Administration

Architect appointed for Mueller and Whitmore Laboratories renovations

HERSHEY, Pa. – Penn State's Board of Trustees Friday (March 16) approved the appointment of Stantec, of Butler, Pa., as architects for renovations of the Mueller and Whitmore Laboratories on the University Park campus.

The Mueller and Whitmore Laboratories are adjacent to each other and located near the Pattee-Paterno Library between Curtin and Pollock roads. Mueller houses Penn State's Department of Biology -- the largest major in the Eberly College of Science -- and provides lab space for more than 8,000 students annually. Built in 1965, Mueller is now overcrowded, has original equipment at the end of its useful life cycle and lacks fundamental new facilities. Students with interests in medicine and other health fields, for example, must travel hours away to a community college to work in a gross anatomy lab.

The priority for the Mueller renovation will be to improve existing instructional biology labs and create on the first floor new undergraduate teaching labs for the base courses, which will include building-system upgrades. Anatomy and physiology teaching lab space will be relocated and expanded, and a new gross anatomy lab will be created to support biology and other science disciplines such as nursing and kinesiology.
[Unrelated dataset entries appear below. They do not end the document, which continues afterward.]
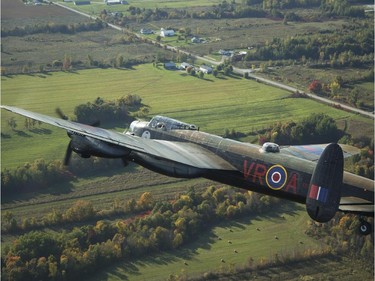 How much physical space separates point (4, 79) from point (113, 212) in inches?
2994

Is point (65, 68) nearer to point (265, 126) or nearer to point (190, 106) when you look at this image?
point (190, 106)

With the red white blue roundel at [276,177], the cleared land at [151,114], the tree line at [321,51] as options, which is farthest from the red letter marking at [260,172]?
the tree line at [321,51]

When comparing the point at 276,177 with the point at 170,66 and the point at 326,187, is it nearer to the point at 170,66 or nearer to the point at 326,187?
the point at 326,187

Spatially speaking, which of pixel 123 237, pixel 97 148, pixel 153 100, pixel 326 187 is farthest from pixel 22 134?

Whitmore houses chemistry labs serving nearly 7,000 students annually. Built in 1953, Whitmore also lacks both the space and instrumentation to meet the needs of its current students. There are, for example, no fume hoods in the first-floor teaching laboratories. "A general chemistry lab experiment as common as dissolving copper in nitric acid cannot be safely done in our labs," said Joseph Keiler, director of general chemistry labs. "Typical general chemistry labs will have a bank of hoods, but we have none." The priority in Whitmore will be to renovate all undergraduate instructional labs and renew the building's utility infrastructure.

Stantec has proven expertise in designing state-of-the-art teaching labs that include the flexibility to remain cutting-edge for decades. They also have significant experience integrating complex networks of new mechanical systems into existing and occupied buildings without interrupting teaching and experimentation in science. This team will develop a schematic design, and the work will be phased and accomplished as funding is available for construction.